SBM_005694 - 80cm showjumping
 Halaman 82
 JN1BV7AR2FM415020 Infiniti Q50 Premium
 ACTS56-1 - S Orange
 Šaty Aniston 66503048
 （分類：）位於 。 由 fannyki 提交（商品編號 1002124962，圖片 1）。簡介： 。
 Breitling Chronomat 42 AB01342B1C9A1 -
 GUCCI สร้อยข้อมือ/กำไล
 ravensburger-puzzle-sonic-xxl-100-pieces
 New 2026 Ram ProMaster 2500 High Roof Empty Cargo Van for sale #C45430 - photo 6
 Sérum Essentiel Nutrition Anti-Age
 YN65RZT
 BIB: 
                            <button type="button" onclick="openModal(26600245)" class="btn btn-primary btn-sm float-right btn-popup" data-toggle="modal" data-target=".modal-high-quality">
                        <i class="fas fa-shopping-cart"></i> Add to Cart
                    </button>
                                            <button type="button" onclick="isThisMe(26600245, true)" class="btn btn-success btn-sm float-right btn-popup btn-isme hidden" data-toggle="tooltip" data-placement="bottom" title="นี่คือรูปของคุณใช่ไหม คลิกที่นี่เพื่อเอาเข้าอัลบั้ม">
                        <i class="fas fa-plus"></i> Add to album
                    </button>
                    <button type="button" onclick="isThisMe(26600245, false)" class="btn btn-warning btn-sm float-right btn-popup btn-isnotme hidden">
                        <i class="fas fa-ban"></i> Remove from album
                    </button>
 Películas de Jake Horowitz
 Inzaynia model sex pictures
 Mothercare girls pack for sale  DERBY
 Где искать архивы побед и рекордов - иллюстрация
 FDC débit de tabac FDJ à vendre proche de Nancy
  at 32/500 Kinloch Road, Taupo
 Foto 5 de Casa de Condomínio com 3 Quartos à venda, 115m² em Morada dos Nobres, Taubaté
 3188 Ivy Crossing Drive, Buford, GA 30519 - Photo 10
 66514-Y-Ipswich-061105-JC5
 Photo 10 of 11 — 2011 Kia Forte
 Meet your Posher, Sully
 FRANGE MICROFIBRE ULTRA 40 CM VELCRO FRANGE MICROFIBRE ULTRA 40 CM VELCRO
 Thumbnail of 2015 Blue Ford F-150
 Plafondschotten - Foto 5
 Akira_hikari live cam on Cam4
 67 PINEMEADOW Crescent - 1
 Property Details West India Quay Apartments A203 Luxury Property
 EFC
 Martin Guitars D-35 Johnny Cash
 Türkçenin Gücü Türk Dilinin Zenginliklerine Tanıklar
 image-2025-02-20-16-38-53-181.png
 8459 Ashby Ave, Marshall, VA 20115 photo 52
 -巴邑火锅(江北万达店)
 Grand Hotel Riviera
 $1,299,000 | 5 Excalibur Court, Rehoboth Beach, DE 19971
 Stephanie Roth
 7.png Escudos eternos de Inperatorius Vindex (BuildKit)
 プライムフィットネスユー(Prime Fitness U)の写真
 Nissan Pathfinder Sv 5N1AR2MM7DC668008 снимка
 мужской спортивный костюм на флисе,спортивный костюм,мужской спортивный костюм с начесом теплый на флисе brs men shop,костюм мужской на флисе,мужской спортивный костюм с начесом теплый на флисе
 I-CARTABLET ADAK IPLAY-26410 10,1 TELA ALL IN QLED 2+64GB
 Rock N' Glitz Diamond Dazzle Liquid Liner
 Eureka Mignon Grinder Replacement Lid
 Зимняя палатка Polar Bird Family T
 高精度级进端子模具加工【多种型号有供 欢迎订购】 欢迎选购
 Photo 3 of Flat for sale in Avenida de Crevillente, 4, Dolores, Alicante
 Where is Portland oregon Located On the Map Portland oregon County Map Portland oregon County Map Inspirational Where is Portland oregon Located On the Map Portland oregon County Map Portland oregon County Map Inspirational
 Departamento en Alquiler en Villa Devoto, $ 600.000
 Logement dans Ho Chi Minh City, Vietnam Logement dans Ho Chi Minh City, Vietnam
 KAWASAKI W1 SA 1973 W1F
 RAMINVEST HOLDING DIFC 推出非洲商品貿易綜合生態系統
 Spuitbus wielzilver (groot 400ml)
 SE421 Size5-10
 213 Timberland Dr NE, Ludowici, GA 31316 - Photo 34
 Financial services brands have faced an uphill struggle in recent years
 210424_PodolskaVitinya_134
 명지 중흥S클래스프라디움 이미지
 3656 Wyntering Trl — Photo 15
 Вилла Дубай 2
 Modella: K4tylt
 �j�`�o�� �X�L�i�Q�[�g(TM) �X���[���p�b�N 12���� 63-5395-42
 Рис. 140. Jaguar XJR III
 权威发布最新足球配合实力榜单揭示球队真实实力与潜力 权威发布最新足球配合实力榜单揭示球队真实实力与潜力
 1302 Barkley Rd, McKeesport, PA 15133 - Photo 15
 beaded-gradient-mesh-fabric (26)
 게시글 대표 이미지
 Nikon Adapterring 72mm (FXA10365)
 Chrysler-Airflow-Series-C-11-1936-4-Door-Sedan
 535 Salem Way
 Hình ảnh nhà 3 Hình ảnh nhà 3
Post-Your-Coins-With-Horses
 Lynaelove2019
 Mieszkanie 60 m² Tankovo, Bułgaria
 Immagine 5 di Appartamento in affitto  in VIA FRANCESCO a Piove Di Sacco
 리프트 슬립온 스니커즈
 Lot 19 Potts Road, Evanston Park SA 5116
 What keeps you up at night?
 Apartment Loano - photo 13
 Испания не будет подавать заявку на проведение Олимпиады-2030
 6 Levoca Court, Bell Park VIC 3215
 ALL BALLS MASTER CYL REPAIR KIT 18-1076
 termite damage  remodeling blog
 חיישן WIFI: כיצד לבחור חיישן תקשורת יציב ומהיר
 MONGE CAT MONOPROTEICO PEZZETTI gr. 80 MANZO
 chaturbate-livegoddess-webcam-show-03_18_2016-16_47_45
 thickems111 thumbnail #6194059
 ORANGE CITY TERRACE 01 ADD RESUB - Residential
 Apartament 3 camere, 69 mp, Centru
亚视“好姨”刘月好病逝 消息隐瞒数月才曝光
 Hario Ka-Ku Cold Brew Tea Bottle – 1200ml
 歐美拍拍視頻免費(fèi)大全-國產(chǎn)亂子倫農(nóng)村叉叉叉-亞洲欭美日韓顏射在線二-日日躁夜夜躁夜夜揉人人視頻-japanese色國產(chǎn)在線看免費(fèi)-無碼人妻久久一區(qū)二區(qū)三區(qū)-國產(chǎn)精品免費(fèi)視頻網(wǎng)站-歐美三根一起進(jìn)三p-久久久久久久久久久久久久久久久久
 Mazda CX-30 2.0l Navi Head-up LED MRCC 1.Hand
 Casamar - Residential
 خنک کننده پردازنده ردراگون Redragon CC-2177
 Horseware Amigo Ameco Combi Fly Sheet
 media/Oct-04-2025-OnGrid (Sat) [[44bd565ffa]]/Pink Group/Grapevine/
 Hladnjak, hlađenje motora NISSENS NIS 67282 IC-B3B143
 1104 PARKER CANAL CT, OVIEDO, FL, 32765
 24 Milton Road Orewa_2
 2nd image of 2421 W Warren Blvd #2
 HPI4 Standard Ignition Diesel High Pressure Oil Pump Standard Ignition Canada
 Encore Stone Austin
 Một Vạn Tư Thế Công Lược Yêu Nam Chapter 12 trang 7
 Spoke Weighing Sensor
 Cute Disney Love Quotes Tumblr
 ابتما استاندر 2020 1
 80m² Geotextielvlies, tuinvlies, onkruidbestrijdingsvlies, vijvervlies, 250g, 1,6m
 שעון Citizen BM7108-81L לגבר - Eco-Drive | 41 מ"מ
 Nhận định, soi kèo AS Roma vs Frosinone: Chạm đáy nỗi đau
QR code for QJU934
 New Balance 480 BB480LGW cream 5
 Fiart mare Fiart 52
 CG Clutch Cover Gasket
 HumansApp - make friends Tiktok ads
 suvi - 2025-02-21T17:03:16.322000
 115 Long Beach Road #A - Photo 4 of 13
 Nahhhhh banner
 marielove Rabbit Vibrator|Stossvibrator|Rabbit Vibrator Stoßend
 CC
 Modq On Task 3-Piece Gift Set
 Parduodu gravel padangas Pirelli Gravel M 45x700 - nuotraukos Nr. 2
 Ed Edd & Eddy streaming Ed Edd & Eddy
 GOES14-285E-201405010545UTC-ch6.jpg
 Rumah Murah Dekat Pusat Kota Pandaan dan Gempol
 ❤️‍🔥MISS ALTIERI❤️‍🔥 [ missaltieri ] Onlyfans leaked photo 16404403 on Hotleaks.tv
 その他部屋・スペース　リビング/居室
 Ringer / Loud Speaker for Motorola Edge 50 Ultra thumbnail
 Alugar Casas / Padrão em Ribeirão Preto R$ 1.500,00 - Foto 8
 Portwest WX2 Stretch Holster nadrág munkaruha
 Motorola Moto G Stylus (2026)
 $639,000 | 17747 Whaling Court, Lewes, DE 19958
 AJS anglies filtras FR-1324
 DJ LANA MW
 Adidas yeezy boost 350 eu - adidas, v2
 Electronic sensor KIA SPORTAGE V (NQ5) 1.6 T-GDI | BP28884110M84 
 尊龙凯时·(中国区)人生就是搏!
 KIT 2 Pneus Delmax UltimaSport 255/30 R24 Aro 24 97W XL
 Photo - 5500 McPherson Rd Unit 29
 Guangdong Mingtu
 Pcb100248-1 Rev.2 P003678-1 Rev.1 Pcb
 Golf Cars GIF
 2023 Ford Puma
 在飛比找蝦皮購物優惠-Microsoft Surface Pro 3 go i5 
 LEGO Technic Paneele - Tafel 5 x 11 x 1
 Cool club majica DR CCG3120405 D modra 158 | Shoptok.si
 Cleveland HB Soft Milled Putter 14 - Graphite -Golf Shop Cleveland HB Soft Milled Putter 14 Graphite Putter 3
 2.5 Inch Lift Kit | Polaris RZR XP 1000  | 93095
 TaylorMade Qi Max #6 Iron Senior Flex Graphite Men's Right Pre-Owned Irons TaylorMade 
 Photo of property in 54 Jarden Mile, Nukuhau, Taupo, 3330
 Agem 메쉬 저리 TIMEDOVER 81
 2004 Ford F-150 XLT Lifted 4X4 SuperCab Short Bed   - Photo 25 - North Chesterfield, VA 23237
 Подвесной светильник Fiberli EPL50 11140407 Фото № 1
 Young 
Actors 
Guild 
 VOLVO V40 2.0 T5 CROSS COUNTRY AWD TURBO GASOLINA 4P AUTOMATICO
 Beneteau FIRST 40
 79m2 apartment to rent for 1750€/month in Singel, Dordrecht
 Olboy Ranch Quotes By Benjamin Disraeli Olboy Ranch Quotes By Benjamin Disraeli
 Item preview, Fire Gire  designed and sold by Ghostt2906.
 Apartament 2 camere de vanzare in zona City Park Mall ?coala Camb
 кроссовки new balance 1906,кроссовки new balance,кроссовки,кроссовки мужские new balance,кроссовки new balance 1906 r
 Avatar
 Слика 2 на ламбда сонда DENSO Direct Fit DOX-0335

· · · · ·

Your task
Please output only the lines from the first line of the entries through the line with "image-2025-02-20-16-38-53-181.png", both included, exactly as written.

Response to the exercise
SBM_005694 - 80cm showjumping
 Halaman 82
 JN1BV7AR2FM415020 Infiniti Q50 Premium
 ACTS56-1 - S Orange
 Šaty Aniston 66503048
 （分類：）位於 。 由 fannyki 提交（商品編號 1002124962，圖片 1）。簡介： 。
 Breitling Chronomat 42 AB01342B1C9A1 -
 GUCCI สร้อยข้อมือ/กำไล
 ravensburger-puzzle-sonic-xxl-100-pieces
 New 2026 Ram ProMaster 2500 High Roof Empty Cargo Van for sale #C45430 - photo 6
 Sérum Essentiel Nutrition Anti-Age
 YN65RZT
 BIB: 
                            <button type="button" onclick="openModal(26600245)" class="btn btn-primary btn-sm float-right btn-popup" data-toggle="modal" data-target=".modal-high-quality">
                        <i class="fas fa-shopping-cart"></i> Add to Cart
                    </button>
                                            <button type="button" onclick="isThisMe(26600245, true)" class="btn btn-success btn-sm float-right btn-popup btn-isme hidden" data-toggle="tooltip" data-placement="bottom" title="นี่คือรูปของคุณใช่ไหม คลิกที่นี่เพื่อเอาเข้าอัลบั้ม">
                        <i class="fas fa-plus"></i> Add to album
                    </button>
                    <button type="button" onclick="isThisMe(26600245, false)" class="btn btn-warning btn-sm float-right btn-popup btn-isnotme hidden">
                        <i class="fas fa-ban"></i> Remove from album
                    </button>
 Películas de Jake Horowitz
 Inzaynia model sex pictures
 Mothercare girls pack for sale  DERBY
 Где искать архивы побед и рекордов - иллюстрация
 FDC débit de tabac FDJ à vendre proche de Nancy
  at 32/500 Kinloch Road, Taupo
 Foto 5 de Casa de Condomínio com 3 Quartos à venda, 115m² em Morada dos Nobres, Taubaté
 3188 Ivy Crossing Drive, Buford, GA 30519 - Photo 10
 66514-Y-Ipswich-061105-JC5
 Photo 10 of 11 — 2011 Kia Forte
 Meet your Posher, Sully
 FRANGE MICROFIBRE ULTRA 40 CM VELCRO FRANGE MICROFIBRE ULTRA 40 CM VELCRO
 Thumbnail of 2015 Blue Ford F-150
 Plafondschotten - Foto 5
 Akira_hikari live cam on Cam4
 67 PINEMEADOW Crescent - 1
 Property Details West India Quay Apartments A203 Luxury Property
 EFC
 Martin Guitars D-35 Johnny Cash
 Türkçenin Gücü Türk Dilinin Zenginliklerine Tanıklar
 image-2025-02-20-16-38-53-181.png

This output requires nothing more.